• _What the task requires_:
Report only how many lines in the material contain "Horse".

• _Records for the exercise_:
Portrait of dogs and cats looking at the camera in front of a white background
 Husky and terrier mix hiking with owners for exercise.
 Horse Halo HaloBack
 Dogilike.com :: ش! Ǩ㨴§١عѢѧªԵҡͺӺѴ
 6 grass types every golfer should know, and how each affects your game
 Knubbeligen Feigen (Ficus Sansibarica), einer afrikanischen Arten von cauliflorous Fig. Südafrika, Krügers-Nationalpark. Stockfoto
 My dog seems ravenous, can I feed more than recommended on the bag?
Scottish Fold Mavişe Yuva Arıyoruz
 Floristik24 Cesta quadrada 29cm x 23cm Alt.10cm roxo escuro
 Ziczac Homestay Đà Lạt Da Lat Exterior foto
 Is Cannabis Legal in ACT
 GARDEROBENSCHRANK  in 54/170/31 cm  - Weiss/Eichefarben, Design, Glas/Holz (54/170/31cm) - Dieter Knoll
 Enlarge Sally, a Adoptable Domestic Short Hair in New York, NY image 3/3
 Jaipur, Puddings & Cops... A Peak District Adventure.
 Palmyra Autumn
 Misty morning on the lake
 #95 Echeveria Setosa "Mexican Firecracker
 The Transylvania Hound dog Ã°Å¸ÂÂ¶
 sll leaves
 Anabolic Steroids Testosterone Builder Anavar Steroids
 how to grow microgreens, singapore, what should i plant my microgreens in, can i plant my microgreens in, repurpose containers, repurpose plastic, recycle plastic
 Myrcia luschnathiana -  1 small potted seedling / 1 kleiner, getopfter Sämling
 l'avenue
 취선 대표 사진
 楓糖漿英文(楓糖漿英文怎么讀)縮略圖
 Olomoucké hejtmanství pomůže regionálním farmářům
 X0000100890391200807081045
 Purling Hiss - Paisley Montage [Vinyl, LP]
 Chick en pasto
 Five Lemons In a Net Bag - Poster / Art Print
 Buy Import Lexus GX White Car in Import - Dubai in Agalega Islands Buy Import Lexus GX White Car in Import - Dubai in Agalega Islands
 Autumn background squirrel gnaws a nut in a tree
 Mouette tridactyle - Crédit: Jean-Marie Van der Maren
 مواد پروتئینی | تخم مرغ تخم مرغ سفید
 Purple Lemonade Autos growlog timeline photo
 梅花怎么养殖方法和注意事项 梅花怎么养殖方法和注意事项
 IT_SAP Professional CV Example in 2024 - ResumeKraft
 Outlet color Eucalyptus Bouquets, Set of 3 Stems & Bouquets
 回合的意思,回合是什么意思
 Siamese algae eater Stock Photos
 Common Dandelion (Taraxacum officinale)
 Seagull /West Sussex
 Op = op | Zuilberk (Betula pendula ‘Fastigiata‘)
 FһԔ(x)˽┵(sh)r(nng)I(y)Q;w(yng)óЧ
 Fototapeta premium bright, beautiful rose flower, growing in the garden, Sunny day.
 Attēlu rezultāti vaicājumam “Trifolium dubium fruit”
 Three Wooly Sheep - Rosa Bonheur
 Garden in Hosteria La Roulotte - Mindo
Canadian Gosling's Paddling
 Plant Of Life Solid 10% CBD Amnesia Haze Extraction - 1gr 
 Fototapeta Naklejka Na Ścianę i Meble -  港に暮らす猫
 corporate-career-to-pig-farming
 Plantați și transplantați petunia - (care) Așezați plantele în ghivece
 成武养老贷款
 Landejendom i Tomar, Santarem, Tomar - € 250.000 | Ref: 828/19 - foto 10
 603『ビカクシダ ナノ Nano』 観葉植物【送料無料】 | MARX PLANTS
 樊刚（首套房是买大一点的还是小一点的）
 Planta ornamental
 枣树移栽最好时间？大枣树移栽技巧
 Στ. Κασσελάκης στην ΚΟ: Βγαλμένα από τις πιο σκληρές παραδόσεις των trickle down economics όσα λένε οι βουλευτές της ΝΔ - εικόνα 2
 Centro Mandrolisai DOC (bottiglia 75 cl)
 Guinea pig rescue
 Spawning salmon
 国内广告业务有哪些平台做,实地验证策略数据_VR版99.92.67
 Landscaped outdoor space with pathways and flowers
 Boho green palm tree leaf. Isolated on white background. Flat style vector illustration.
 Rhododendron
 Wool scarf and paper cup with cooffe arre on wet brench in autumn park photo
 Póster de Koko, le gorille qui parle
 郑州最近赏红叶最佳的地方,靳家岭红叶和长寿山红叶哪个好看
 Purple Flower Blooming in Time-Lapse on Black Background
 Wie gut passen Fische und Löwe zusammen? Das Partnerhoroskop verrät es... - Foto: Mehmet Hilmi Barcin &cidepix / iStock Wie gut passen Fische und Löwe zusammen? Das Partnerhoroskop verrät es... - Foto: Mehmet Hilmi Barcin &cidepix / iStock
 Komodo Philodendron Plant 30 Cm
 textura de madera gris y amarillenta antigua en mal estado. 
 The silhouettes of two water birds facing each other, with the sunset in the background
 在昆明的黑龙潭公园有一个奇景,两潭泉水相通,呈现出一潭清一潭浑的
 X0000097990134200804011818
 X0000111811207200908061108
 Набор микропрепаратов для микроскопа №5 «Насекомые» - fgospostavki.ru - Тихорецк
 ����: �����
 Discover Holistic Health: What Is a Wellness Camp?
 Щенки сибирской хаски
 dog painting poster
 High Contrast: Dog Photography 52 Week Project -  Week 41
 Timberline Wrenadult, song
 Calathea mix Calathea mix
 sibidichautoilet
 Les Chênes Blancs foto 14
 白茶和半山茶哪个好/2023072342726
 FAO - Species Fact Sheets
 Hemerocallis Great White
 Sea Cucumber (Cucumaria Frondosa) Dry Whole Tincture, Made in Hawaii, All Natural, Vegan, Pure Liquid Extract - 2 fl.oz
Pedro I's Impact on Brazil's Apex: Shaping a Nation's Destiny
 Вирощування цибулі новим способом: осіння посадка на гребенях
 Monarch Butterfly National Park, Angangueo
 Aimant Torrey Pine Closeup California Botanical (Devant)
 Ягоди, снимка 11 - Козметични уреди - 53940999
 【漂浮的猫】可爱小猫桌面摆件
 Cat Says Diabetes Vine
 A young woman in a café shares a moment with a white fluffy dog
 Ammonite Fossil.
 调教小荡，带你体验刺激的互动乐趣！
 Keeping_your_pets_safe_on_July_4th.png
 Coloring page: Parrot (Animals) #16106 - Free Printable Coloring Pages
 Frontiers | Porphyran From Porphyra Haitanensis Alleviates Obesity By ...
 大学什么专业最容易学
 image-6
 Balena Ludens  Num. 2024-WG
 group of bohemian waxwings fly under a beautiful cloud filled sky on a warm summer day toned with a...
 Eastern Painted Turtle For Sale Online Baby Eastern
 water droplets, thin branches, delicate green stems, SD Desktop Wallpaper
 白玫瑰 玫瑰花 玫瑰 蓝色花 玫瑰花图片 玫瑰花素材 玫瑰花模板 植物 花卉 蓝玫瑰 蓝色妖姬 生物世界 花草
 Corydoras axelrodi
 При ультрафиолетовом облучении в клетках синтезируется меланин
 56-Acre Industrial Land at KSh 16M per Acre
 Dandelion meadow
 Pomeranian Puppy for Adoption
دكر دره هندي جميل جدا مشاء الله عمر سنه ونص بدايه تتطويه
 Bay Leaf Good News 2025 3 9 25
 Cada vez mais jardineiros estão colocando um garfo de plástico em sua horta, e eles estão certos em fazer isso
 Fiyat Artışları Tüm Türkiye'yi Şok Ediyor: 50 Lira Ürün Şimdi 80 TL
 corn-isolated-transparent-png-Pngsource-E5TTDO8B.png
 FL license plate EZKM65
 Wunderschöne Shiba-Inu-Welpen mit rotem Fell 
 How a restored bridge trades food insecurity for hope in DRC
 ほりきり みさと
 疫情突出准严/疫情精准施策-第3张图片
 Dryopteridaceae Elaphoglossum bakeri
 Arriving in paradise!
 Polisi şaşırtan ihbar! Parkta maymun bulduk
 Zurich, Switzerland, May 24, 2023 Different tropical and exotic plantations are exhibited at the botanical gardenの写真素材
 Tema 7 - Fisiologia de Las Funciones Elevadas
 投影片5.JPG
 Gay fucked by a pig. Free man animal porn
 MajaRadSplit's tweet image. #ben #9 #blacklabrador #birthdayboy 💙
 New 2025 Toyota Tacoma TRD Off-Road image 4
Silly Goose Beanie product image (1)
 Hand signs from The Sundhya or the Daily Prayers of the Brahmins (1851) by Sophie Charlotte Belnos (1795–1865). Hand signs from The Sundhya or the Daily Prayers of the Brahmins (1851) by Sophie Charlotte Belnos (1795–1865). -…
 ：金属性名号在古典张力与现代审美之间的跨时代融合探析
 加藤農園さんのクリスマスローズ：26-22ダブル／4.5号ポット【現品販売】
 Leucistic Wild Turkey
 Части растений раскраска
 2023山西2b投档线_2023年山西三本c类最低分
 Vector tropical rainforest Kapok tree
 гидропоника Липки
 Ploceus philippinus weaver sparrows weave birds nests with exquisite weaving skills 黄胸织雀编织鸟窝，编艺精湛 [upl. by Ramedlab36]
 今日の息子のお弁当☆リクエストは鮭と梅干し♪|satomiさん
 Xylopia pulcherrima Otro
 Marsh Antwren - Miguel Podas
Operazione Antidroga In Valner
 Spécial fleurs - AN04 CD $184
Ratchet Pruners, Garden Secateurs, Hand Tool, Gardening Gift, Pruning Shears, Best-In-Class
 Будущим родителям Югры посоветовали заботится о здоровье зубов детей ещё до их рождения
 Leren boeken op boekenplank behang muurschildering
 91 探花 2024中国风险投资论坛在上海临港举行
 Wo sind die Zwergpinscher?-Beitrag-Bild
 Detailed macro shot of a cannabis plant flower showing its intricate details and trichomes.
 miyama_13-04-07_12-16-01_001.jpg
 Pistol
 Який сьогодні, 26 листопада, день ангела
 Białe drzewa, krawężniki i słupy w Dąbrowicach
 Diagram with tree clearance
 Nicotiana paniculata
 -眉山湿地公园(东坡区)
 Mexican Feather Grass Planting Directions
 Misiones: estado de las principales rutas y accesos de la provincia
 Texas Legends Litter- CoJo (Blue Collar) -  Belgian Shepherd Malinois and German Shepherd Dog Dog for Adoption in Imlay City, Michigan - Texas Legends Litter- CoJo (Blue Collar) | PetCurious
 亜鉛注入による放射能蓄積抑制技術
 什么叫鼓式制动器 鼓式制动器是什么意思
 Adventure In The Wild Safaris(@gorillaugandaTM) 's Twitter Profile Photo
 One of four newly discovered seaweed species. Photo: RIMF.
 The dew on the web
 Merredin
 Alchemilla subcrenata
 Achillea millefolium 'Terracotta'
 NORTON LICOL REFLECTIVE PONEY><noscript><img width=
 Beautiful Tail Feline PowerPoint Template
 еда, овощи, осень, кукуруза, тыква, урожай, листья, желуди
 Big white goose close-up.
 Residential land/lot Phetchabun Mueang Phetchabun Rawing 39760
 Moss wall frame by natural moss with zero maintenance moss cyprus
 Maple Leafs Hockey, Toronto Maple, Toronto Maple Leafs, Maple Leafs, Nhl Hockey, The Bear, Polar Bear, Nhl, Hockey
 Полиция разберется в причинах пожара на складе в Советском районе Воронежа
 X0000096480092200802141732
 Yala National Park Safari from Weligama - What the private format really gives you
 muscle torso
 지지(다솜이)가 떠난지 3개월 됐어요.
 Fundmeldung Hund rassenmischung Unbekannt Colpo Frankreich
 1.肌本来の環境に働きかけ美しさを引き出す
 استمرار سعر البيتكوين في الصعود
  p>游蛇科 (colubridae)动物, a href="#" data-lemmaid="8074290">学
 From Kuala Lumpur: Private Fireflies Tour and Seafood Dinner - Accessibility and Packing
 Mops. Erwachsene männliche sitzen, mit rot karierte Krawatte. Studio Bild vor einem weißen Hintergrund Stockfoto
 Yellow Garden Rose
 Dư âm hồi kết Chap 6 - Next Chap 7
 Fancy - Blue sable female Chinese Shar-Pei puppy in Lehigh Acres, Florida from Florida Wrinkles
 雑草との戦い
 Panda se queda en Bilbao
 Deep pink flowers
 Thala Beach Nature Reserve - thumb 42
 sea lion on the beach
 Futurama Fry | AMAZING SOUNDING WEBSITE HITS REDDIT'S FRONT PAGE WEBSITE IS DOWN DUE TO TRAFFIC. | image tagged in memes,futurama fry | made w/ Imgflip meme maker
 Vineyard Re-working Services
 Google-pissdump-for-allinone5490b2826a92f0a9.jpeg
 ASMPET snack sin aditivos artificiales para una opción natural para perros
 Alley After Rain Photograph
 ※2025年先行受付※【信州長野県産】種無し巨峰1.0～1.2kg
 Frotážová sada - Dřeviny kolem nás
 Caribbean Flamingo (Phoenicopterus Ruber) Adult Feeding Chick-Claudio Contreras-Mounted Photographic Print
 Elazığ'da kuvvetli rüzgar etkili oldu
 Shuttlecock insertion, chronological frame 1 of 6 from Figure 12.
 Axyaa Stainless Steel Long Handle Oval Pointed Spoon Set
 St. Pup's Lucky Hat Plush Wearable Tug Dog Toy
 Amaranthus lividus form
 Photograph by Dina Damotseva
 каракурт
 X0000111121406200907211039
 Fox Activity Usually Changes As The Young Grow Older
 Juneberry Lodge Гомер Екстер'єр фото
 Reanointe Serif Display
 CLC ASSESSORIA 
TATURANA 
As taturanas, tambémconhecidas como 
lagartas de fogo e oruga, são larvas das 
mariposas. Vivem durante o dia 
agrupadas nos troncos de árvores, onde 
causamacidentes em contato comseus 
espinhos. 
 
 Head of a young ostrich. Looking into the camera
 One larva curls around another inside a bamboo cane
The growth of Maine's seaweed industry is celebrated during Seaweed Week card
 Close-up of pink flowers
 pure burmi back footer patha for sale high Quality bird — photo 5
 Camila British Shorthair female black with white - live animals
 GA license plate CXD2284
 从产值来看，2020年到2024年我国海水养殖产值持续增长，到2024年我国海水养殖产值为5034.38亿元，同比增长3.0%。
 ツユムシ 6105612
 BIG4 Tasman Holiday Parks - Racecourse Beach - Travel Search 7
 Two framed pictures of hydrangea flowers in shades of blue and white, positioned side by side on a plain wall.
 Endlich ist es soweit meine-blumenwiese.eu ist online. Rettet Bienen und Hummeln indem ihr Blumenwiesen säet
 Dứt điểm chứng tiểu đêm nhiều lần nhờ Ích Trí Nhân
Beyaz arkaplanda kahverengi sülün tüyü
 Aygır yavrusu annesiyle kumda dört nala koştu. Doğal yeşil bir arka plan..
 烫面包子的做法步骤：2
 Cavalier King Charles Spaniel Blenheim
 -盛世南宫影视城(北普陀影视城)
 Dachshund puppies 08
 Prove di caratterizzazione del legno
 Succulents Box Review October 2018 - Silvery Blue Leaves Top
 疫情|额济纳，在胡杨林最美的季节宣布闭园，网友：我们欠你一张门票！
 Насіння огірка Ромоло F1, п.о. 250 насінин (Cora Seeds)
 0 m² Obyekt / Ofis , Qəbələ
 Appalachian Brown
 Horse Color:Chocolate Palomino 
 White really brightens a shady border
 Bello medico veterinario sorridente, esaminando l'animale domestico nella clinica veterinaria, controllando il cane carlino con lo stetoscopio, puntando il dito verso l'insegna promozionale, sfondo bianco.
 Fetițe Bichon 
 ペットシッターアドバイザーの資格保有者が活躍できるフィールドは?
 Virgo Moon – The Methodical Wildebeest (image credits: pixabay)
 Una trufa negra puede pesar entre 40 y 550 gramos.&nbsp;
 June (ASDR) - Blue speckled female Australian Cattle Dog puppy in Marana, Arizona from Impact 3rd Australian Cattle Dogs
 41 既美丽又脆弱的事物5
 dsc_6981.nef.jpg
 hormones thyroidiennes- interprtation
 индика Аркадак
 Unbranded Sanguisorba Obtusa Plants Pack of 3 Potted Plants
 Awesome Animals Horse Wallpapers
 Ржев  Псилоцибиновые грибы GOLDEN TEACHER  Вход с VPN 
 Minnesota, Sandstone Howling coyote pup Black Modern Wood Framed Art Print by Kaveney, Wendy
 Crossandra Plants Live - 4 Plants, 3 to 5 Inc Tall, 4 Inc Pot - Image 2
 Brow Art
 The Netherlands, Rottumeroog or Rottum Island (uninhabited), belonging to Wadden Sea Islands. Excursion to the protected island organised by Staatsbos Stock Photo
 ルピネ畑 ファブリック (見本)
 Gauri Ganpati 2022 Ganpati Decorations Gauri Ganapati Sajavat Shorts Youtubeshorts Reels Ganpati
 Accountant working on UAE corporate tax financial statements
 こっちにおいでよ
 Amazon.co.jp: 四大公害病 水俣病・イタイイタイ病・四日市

• _Answer to the exercise_:
3